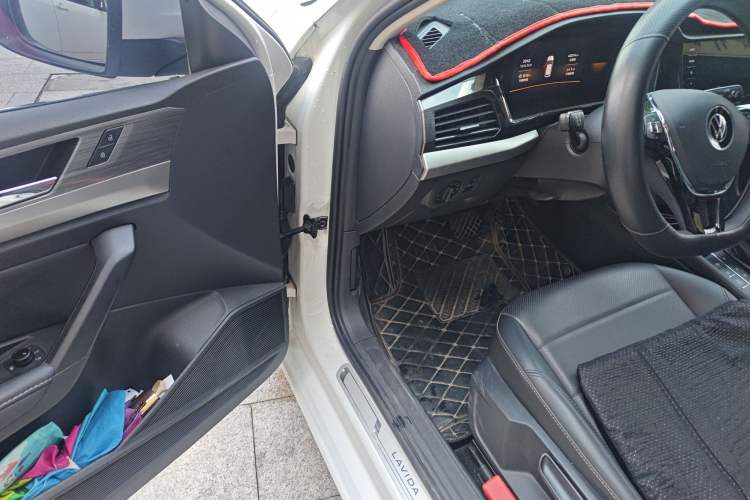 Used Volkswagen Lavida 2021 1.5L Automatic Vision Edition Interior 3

...

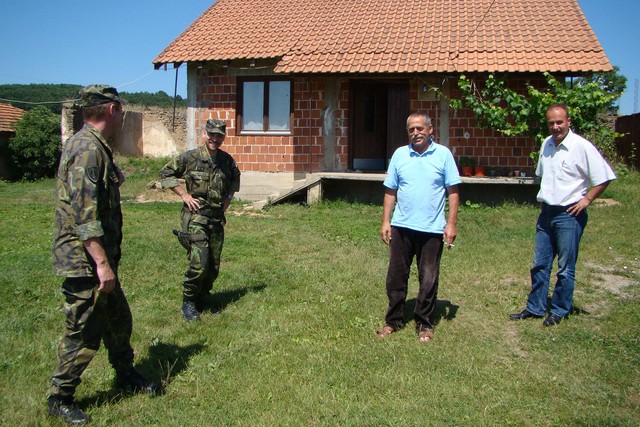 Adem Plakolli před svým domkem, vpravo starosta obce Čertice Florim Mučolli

==

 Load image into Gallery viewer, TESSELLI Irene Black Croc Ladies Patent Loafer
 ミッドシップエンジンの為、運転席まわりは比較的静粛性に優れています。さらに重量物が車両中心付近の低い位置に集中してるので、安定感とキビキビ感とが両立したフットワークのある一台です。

• [TASK INSTRUCTIONS]
Within the material above, output exactly the lines from the one with "Load image into" through the one with "ミッドシップエンジンの為、運", end lines included, and nothing besides.

• [FINAL ANSWER]
 Load image into Gallery viewer, TESSELLI Irene Black Croc Ladies Patent Loafer
 ミッドシップエンジンの為、運転席まわりは比較的静粛性に優れています。さらに重量物が車両中心付近の低い位置に集中してるので、安定感とキビキビ感とが両立したフットワークのある一台です。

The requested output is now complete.